→ **WORK INSTRUCTION**: In the records below, the line with "2008-09 'Terra Nova'" opens the range and the line with "Barracas de moradores" closes it; print that range exactly and nothing else.

(Source records)

§

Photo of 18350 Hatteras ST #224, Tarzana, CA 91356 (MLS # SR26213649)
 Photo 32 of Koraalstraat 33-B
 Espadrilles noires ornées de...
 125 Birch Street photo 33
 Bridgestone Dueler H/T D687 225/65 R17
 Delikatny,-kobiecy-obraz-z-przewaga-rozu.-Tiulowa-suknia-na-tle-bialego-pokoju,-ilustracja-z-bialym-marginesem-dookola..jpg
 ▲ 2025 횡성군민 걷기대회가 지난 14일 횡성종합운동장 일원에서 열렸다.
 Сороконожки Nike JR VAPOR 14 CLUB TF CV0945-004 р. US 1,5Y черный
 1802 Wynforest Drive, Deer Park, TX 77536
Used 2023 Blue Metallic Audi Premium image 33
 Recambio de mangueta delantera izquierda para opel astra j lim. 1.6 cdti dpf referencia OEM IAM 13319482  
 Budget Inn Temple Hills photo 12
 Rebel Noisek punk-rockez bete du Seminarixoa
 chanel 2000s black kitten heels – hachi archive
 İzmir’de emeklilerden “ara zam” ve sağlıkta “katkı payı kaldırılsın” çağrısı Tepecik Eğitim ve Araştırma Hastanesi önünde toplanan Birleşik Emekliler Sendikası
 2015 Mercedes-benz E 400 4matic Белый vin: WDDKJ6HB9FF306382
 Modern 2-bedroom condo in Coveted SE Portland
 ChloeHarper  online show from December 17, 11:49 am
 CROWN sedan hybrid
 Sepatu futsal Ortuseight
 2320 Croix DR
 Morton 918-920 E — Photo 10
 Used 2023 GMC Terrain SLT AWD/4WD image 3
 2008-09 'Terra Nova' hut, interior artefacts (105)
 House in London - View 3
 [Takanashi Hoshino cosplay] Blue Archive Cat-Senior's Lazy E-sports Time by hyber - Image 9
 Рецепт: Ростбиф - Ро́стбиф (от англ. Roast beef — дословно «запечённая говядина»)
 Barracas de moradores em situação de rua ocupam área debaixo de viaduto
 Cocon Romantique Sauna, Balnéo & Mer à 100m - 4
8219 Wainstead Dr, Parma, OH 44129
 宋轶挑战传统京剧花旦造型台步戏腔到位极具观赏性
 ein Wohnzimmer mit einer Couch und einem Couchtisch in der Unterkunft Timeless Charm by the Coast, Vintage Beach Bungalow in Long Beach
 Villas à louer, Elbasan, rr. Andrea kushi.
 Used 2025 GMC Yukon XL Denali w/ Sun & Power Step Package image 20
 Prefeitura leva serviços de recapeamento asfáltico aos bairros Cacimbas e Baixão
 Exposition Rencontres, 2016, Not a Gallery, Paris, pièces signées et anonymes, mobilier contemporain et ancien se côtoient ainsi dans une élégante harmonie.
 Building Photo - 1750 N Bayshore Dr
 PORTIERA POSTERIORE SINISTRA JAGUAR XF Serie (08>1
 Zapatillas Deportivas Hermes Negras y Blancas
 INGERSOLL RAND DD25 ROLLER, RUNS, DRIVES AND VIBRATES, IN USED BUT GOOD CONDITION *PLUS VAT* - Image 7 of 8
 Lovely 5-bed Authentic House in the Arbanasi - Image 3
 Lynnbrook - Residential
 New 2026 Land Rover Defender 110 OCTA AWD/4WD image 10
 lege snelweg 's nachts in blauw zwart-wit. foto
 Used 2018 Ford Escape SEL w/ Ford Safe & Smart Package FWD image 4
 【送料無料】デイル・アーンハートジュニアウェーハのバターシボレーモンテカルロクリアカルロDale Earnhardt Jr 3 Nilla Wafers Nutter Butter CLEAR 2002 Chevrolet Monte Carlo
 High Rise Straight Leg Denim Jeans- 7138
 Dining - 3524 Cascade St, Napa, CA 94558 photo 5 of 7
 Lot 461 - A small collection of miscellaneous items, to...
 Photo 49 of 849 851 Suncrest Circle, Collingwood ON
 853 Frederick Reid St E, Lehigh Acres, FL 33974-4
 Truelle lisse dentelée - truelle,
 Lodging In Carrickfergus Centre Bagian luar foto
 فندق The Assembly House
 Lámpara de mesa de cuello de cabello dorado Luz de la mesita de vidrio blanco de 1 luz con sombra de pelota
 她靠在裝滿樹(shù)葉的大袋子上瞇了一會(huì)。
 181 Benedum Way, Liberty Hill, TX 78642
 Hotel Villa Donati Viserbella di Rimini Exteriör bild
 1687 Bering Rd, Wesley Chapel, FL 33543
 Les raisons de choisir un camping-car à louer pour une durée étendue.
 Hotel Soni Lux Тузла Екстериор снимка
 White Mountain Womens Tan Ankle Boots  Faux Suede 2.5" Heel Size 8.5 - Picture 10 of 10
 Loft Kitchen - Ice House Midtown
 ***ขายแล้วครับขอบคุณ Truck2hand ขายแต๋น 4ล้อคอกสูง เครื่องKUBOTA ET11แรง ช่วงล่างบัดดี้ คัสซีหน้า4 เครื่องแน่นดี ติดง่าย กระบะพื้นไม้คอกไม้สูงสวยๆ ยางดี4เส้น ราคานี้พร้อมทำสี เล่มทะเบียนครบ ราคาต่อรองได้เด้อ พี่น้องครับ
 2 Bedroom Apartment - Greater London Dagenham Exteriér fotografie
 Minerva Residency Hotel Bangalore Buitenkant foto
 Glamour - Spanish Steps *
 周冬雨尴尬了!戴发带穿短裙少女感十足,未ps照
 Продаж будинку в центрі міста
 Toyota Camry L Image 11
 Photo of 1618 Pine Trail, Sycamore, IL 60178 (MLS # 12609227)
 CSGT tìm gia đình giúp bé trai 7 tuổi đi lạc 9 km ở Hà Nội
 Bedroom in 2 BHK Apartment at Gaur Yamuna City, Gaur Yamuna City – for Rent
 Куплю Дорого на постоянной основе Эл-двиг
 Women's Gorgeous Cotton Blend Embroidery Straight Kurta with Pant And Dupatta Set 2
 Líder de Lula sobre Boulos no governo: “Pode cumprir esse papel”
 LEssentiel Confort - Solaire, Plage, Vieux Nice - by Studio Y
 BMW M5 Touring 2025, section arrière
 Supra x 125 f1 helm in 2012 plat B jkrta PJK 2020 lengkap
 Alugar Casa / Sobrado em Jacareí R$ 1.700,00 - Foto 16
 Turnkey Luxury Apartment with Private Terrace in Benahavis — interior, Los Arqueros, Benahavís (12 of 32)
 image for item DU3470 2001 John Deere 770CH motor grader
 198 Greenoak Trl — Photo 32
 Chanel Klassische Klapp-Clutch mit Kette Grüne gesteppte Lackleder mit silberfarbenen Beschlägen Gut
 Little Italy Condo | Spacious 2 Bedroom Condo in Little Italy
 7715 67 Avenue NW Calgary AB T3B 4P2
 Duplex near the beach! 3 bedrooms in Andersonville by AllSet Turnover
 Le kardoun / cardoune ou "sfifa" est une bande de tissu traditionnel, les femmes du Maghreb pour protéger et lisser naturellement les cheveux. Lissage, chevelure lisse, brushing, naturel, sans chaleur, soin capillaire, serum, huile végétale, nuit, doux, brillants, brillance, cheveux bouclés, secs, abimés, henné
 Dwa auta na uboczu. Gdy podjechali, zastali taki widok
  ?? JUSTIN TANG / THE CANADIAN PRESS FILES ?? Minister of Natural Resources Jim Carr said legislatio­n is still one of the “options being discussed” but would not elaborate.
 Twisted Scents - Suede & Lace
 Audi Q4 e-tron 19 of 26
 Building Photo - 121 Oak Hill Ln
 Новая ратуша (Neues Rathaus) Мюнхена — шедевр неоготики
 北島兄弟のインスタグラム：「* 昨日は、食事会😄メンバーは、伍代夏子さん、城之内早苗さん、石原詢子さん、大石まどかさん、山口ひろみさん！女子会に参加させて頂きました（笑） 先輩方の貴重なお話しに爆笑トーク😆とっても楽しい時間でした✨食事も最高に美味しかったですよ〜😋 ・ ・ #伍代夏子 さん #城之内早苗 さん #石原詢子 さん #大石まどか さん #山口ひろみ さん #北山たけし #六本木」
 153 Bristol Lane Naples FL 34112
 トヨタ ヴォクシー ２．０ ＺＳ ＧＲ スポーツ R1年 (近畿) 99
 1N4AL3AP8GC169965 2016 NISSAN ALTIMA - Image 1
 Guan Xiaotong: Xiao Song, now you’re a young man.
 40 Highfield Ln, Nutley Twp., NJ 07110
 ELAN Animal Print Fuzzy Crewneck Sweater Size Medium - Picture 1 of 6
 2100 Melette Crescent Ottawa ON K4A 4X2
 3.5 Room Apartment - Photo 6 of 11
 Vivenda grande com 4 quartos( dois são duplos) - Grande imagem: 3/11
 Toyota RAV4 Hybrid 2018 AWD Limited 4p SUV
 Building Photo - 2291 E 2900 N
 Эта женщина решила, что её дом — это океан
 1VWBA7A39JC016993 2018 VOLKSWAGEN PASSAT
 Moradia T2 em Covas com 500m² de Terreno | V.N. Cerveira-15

§

→ **REPLY**:
 2008-09 'Terra Nova' hut, interior artefacts (105)
 House in London - View 3
 [Takanashi Hoshino cosplay] Blue Archive Cat-Senior's Lazy E-sports Time by hyber - Image 9
 Рецепт: Ростбиф - Ро́стбиф (от англ. Roast beef — дословно «запечённая говядина»)
 Barracas de moradores em situação de rua ocupam área debaixo de viaduto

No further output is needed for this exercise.